YOUR GOAL ▸ Pictures stay out of the answer, but every line of the material must be restated exactly.

DATA BELOW ▸
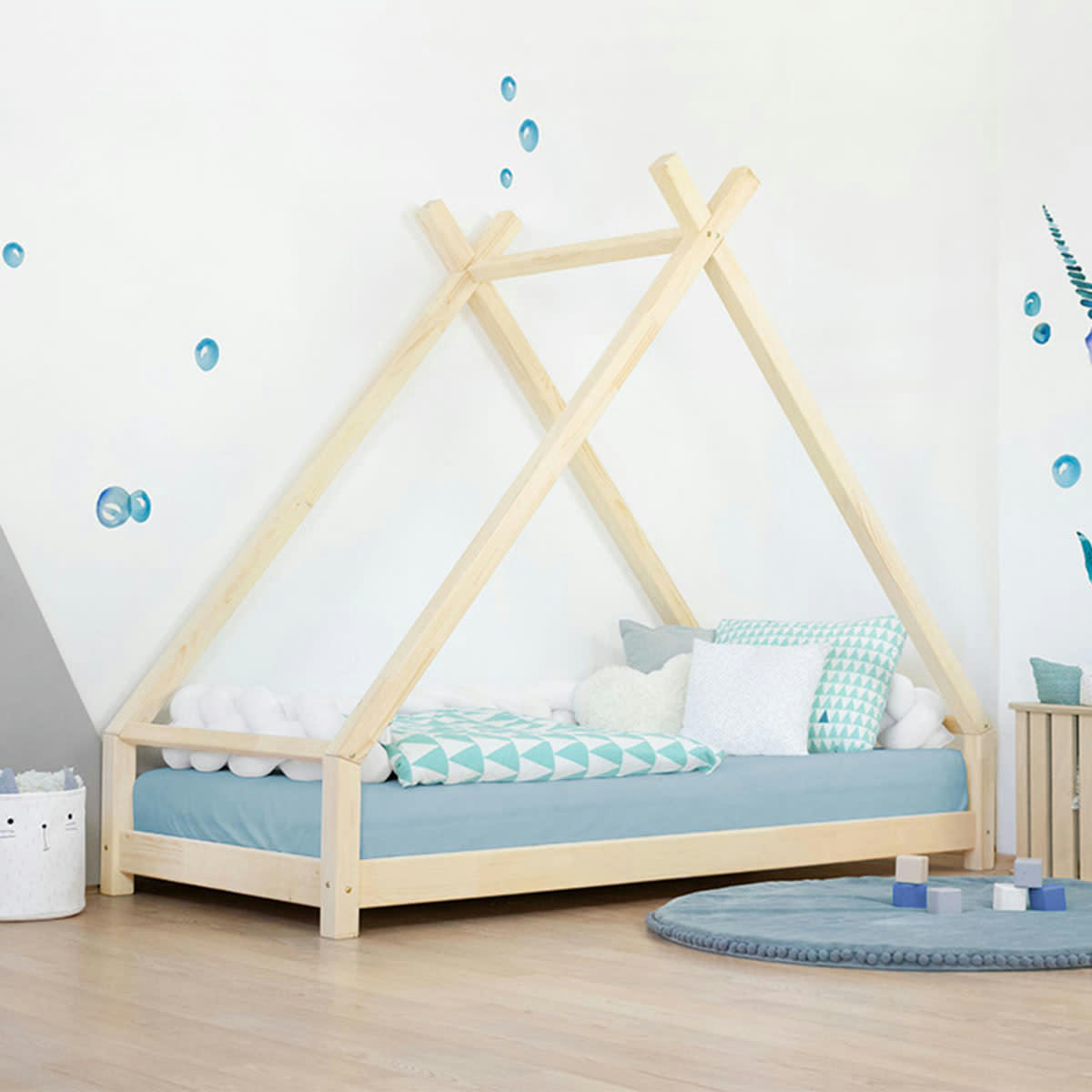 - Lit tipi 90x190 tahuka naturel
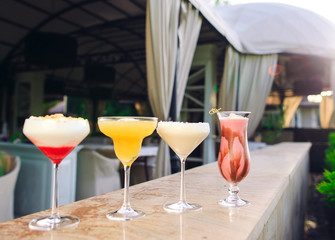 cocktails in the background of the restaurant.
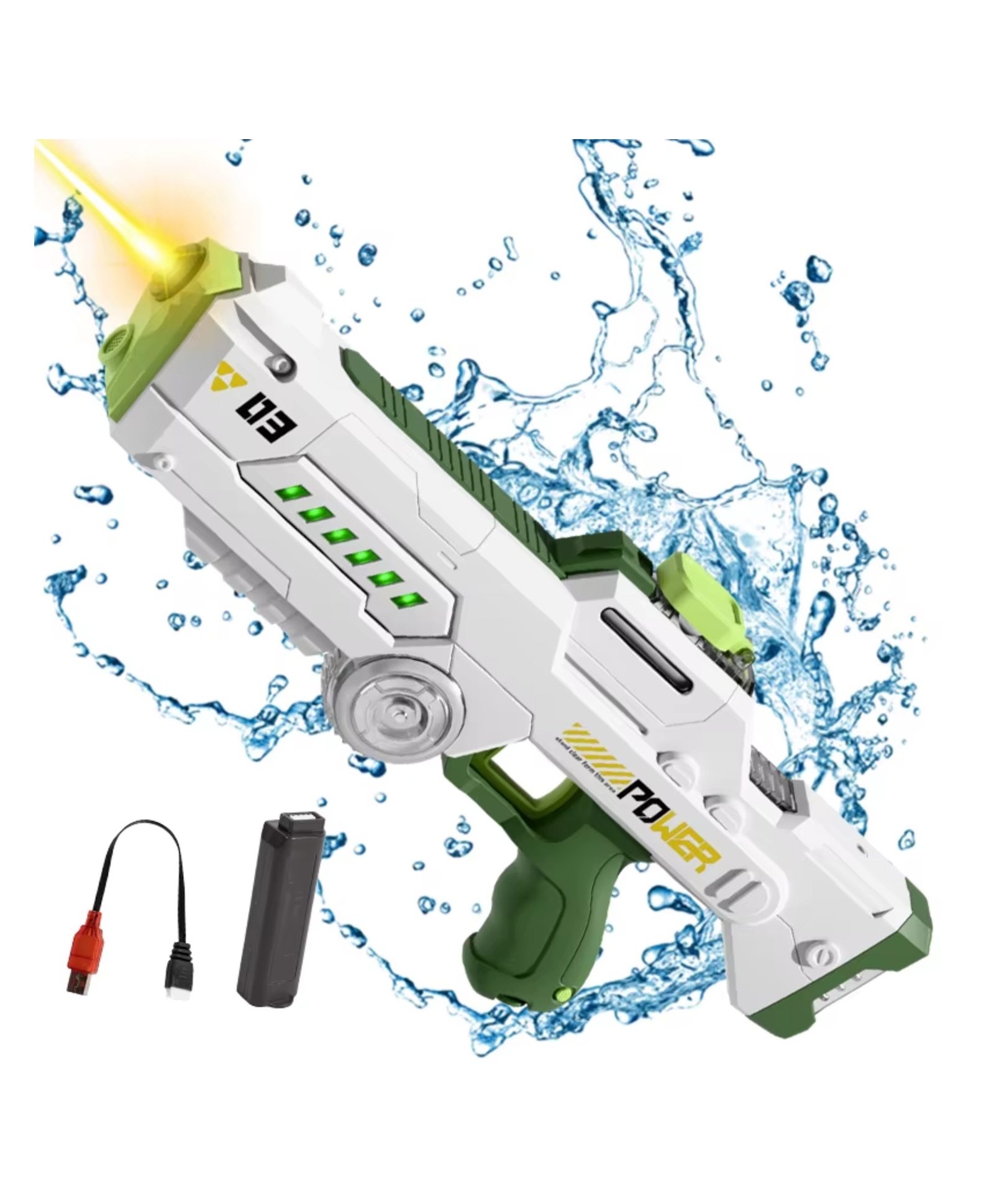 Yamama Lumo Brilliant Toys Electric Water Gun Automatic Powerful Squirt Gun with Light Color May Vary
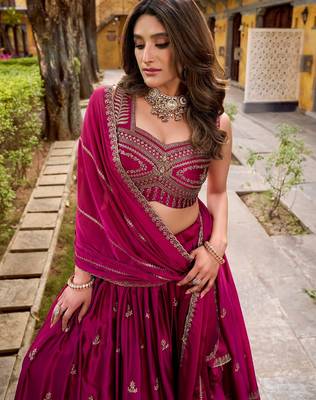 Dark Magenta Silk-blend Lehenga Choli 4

RESPONSE BELOW ▸
 - Lit tipi 90x190 tahuka naturel
 cocktails in the background of the restaurant.
 Yamama Lumo Brilliant Toys Electric Water Gun Automatic Powerful Squirt Gun with Light Color May Vary
 Dark Magenta Silk-blend Lehenga Choli 4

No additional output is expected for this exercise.